> [Try it] Beneath this line are entries. Copy the range from the line with "NASA also has" to the line with "Hey there, Rich", ends included, exactly; leave pictures out.

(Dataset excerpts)
==*==

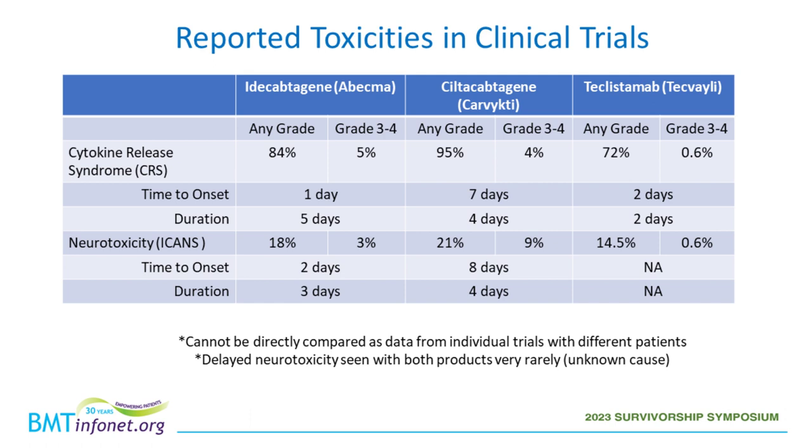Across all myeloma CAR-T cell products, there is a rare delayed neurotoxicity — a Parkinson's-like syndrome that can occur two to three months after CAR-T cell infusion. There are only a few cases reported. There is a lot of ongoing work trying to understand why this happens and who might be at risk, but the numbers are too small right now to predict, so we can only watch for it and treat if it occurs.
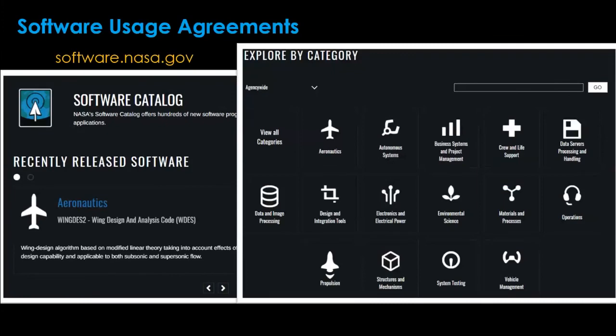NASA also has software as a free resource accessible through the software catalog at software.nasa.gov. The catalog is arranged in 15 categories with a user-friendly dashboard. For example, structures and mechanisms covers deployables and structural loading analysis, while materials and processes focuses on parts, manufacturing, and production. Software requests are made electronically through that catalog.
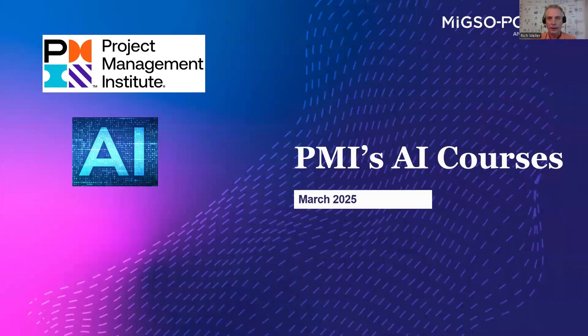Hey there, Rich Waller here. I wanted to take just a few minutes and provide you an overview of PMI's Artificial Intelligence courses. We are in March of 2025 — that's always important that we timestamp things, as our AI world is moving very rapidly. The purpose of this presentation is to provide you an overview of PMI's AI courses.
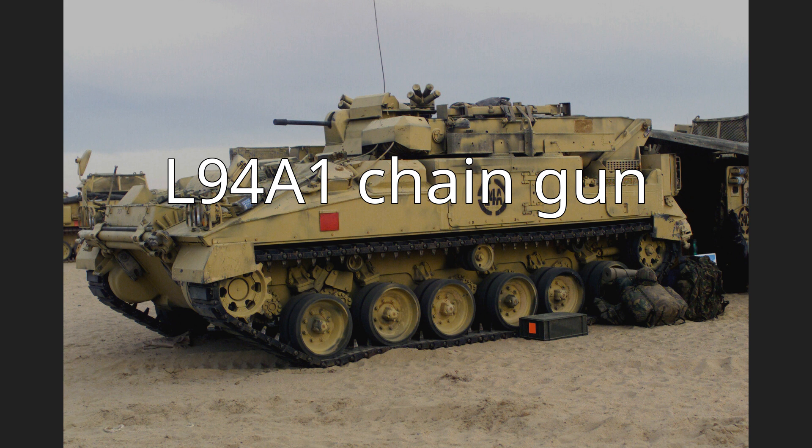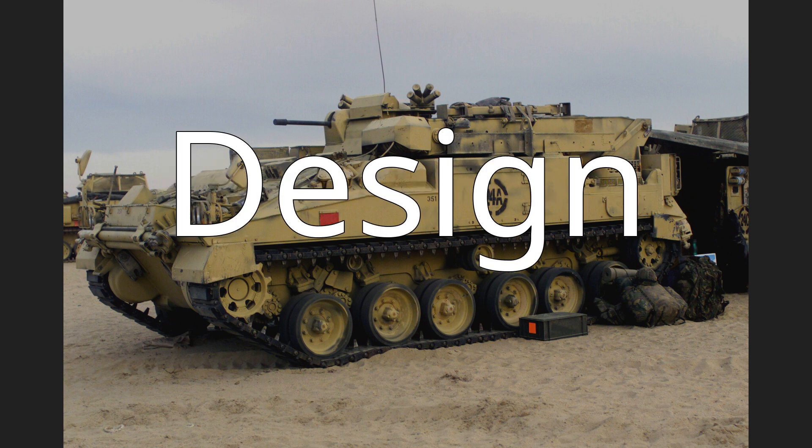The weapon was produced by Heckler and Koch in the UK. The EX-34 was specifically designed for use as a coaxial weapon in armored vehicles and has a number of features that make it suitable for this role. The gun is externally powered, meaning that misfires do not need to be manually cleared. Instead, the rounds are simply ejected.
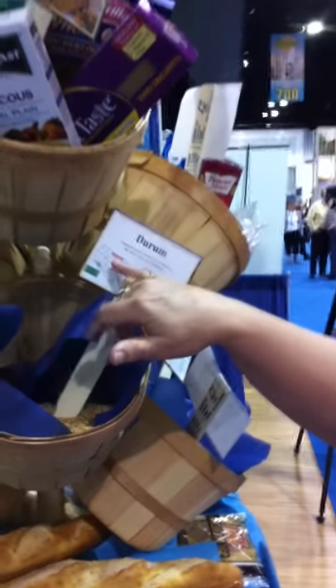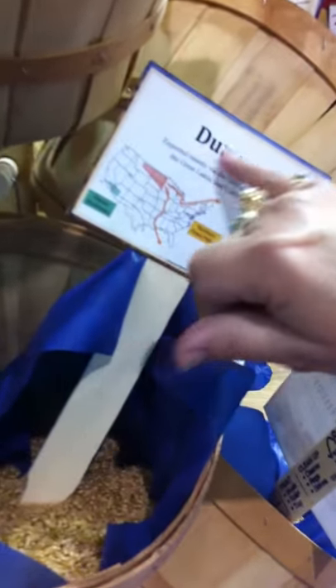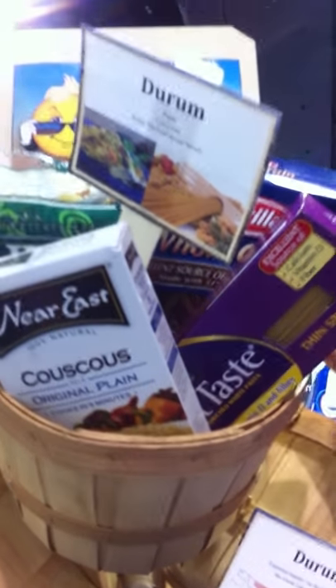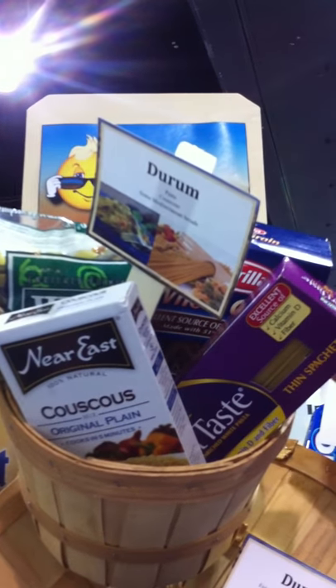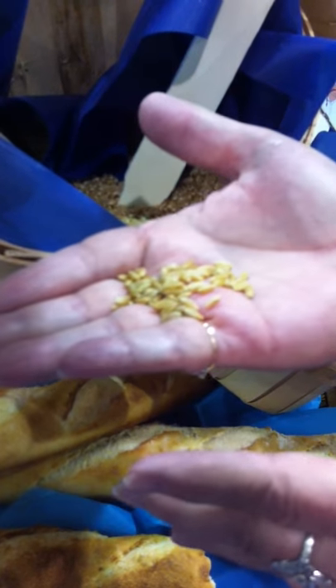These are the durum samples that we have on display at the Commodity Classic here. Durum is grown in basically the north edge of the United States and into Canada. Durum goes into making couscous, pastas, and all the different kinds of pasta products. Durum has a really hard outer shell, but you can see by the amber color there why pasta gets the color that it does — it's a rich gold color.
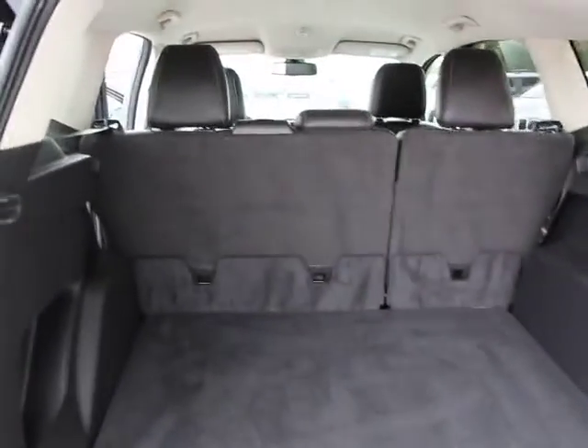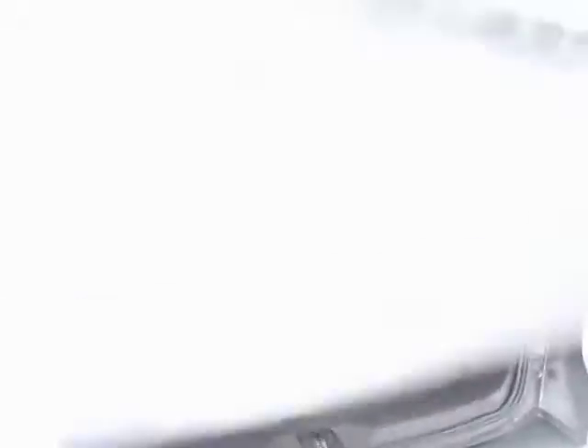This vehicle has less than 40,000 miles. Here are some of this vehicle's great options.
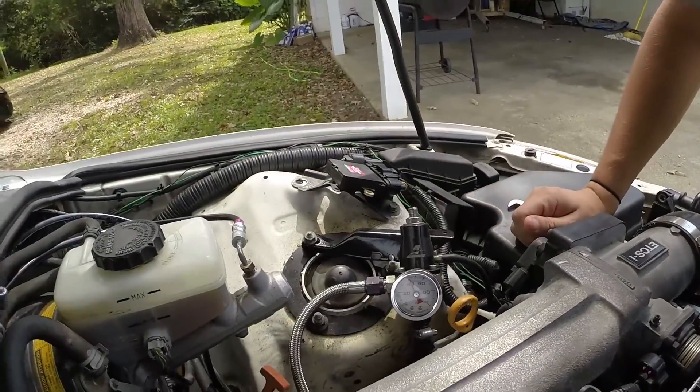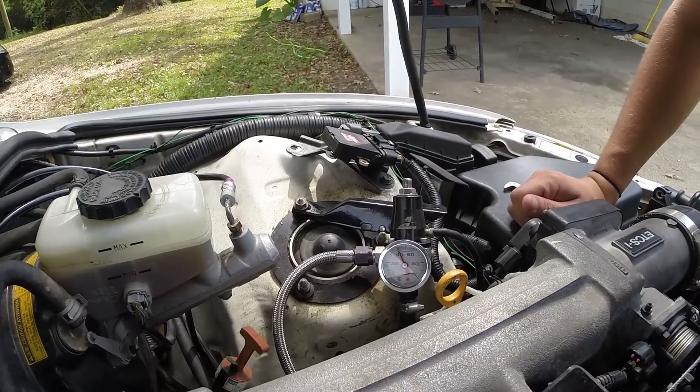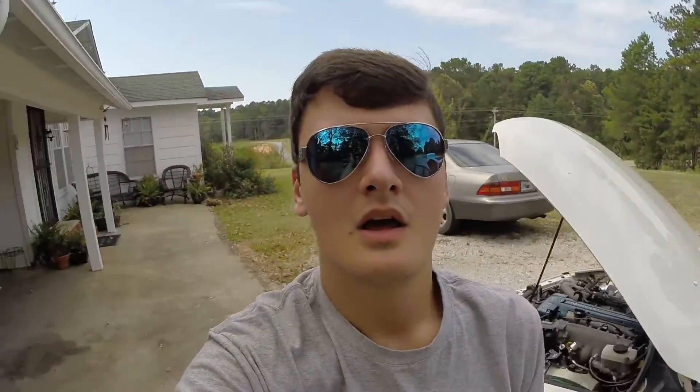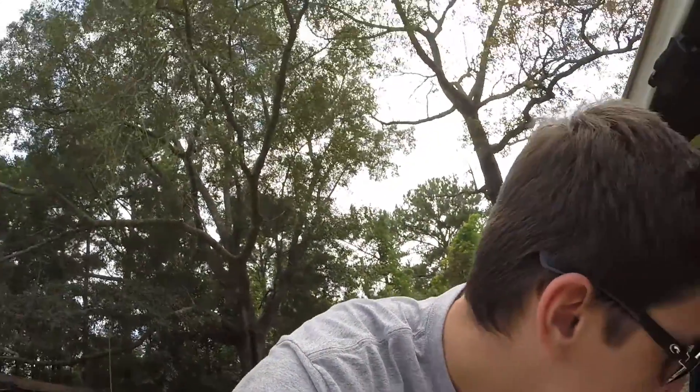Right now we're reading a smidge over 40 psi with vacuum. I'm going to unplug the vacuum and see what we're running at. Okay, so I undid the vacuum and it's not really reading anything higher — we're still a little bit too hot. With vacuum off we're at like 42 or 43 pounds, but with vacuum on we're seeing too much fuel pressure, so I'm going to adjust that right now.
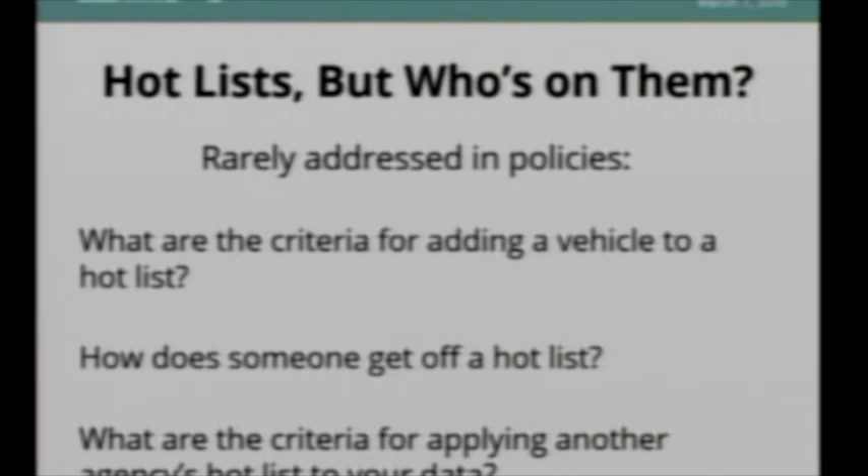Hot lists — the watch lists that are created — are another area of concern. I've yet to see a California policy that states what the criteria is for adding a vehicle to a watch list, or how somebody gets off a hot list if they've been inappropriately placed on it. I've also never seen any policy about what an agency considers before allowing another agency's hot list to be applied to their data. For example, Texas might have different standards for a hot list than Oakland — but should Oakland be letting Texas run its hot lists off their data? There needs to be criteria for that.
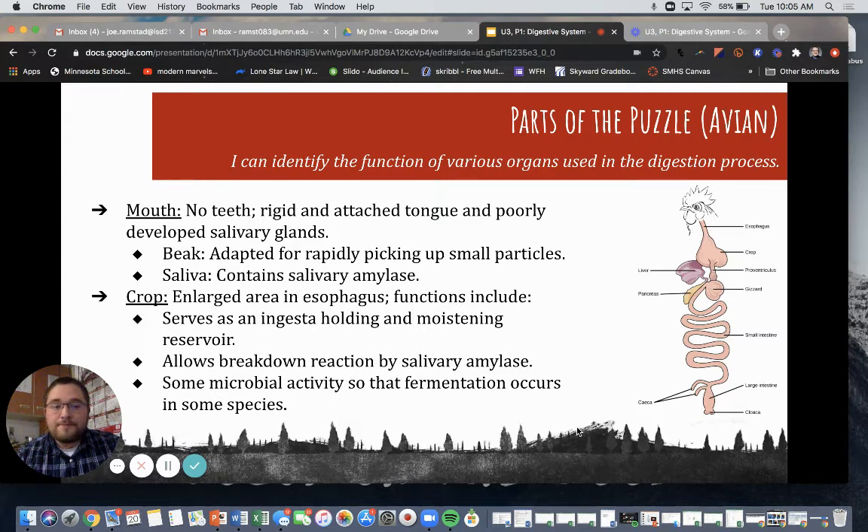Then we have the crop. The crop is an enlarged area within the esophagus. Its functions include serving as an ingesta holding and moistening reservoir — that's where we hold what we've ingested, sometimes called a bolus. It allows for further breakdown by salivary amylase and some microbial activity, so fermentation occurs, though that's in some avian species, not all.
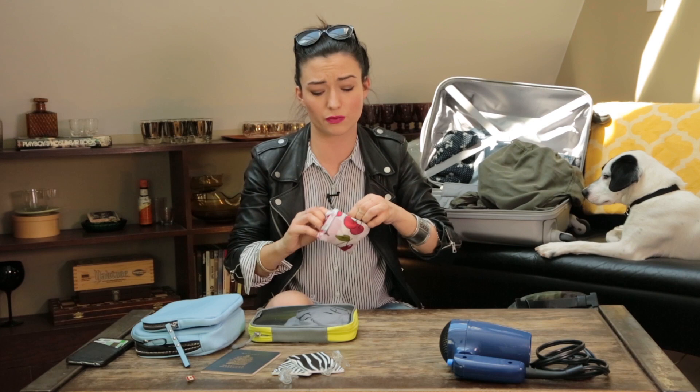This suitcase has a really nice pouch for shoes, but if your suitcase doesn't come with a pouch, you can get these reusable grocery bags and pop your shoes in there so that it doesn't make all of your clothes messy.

==*==

> [Exercise response]
NASA also has software as a free resource accessible through the software catalog at software.nasa.gov. The catalog is arranged in 15 categories with a user-friendly dashboard. For example, structures and mechanisms covers deployables and structural loading analysis, while materials and processes focuses on parts, manufacturing, and production. Software requests are made electronically through that catalog.
Hey there, Rich Waller here. I wanted to take just a few minutes and provide you an overview of PMI's Artificial Intelligence courses. We are in March of 2025 — that's always important that we timestamp things, as our AI world is moving very rapidly. The purpose of this presentation is to provide you an overview of PMI's AI courses.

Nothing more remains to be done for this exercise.